Les objets connectés, aussi appelés l'internet des objets, peuvent par exemple être des capteurs installés au domicile, des pèse-personnes ou des accessoires analysant la manière de conduire, utilisés avec des applications sur smartphone. C'est dans le domaine de l'automobile que les offres connectées sont le plus développées : 21 des 35 principaux assureurs européens en proposent une, soit bien davantage qu'au niveau de l'habitation ou de la santé. Parmi ces 21 compagnies d'assurances, aucune ne propose cependant une offre « pay as you drive », qui prévoit de moduler le tarif payé - à la hausse ou à la baisse - en fonction du style de conduite. A l'heure actuelle, elles sont en revanche 15 à avoir opté pour un système récompensant l'assuré avec des remises de prix par exemple. Pour les 6 autres, la solution connectée n'a aucun impact sur le montant payé.

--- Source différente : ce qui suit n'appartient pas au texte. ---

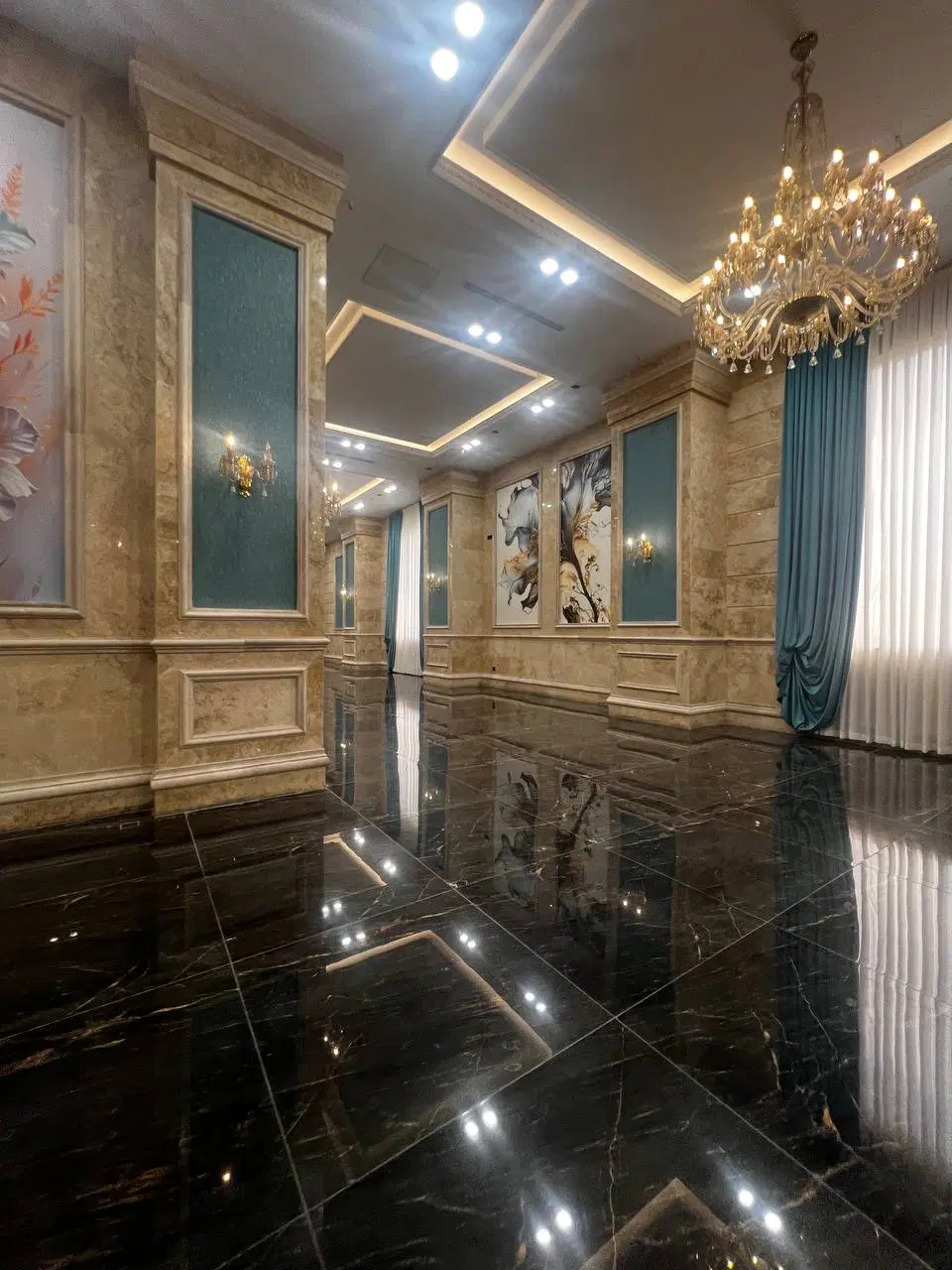 رونیکاپالاس ایرانیان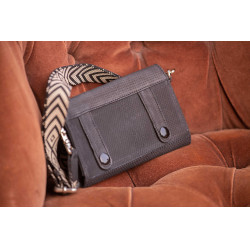 Phone Pocket Pénélope in pelle traforata nera Nero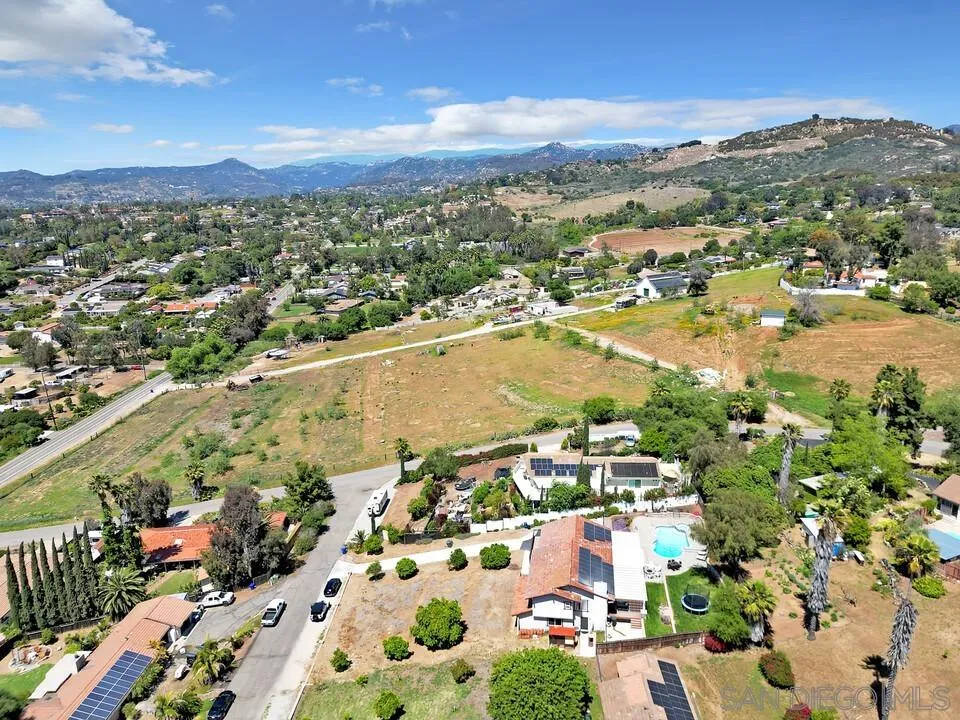 https://cdn.realtyfeed.com/cdn/127/250026108/2c4c8d58a3dec7b45de1f476b8519727.webp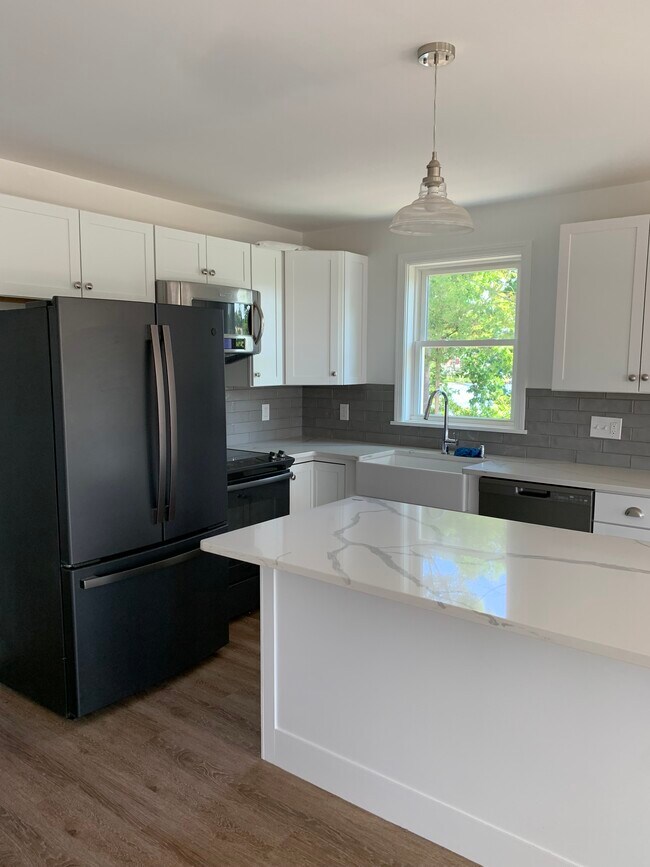 Building Photo - 8 Lakeview Dr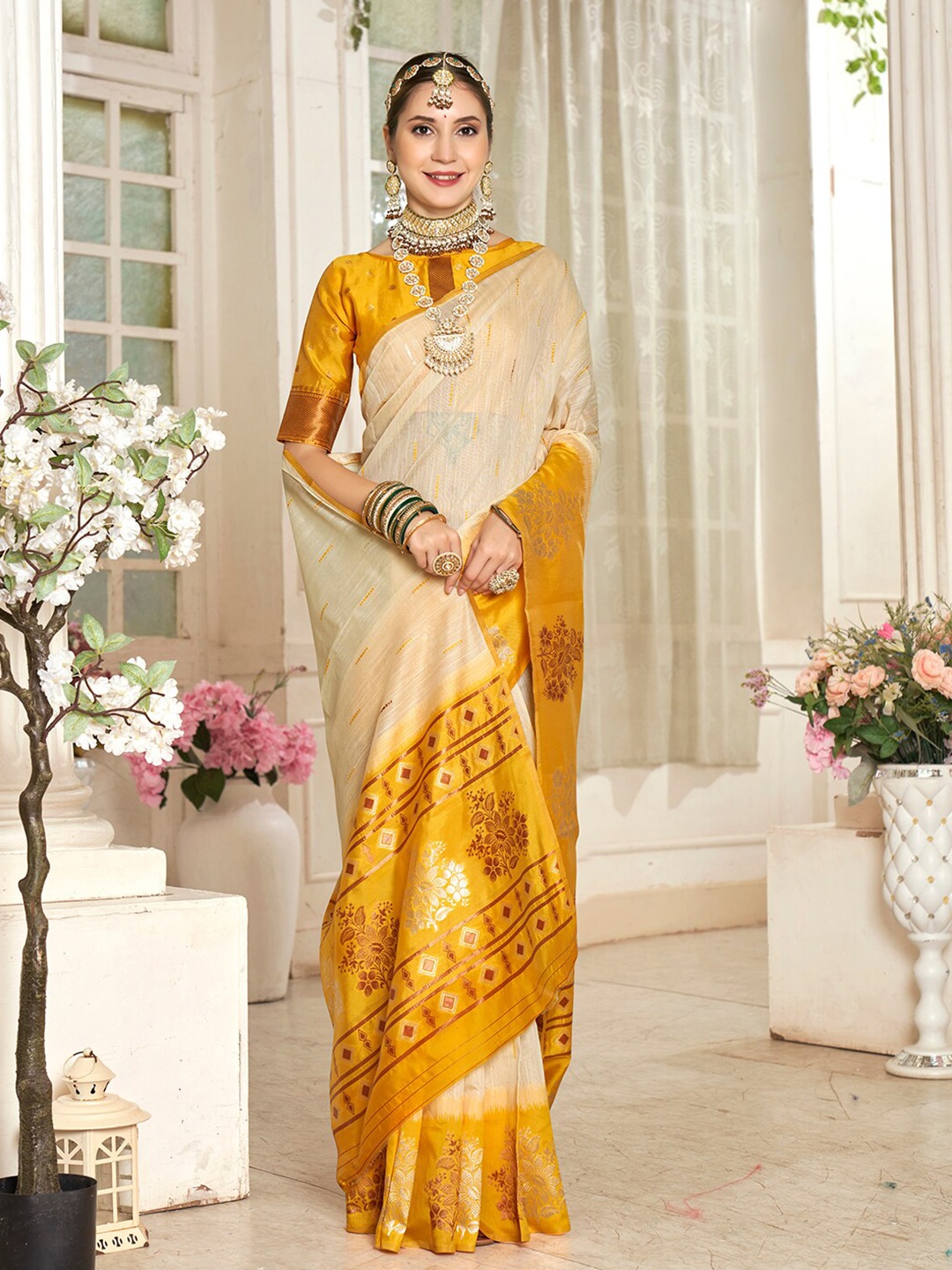 

Anouk Woven Design Saree, Yellow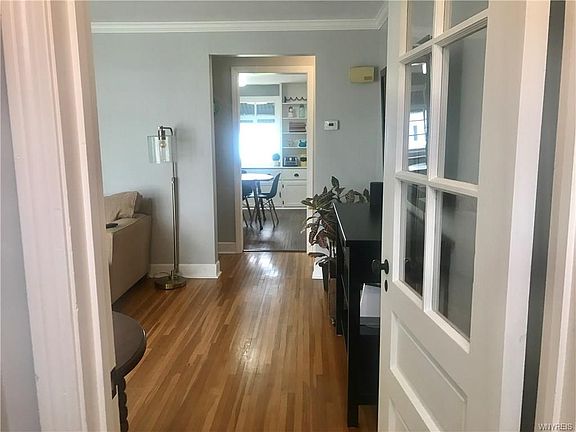3rd image of 357 Crosby Ave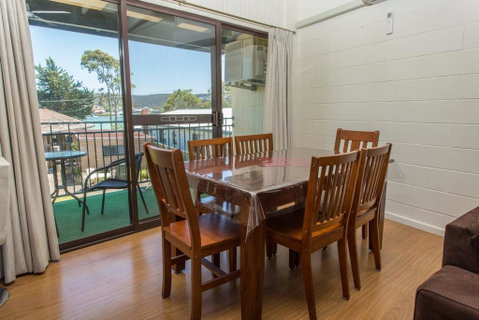 Beachwalk Nine - Accommodation Gladstone 3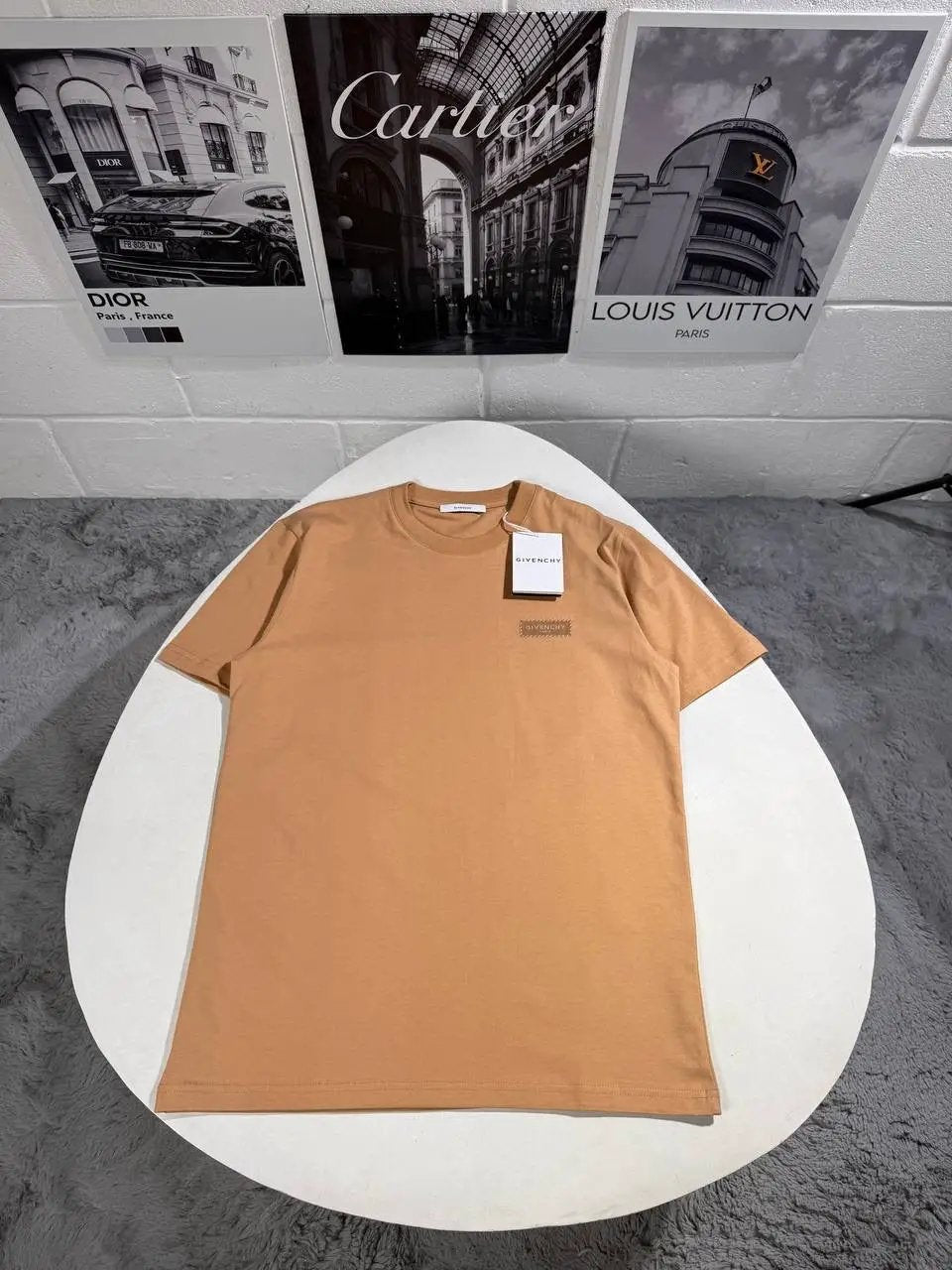 GVNCHY PATCH LOGO TSHIRT by Stock supplier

L'Italie et le Royaume-Uni sont les pays les plus avancés parmi les huit pris en compte, avec les cinq premiers assureurs qui ont une offre automobile en lien avec une solution connectée. En France, trois des cinq premières compagnies proposent elles aussi une offre, mais seulement une l'agrémente d'une éventuelle baisse de prix. Le groupe italien Unipol est le grand leader de ce segment en Europe puisqu'il représente la moitié des contrats reposant sur la télématique.

L'assurance connectée est un secteur limité mais toutefois prometteur : dans l’automobile, elle devrait représenter 7 % des affaires nouvelles en 2017 et monter à 34 % en 2025. Les progressions seront toutefois moins importantes dans l'habitation (2 % des affaires nouvelles en 2017 et 15 % en 2025) et dans la santé (4 % des affaires nouvelles en 2017 et 21 % en 2025).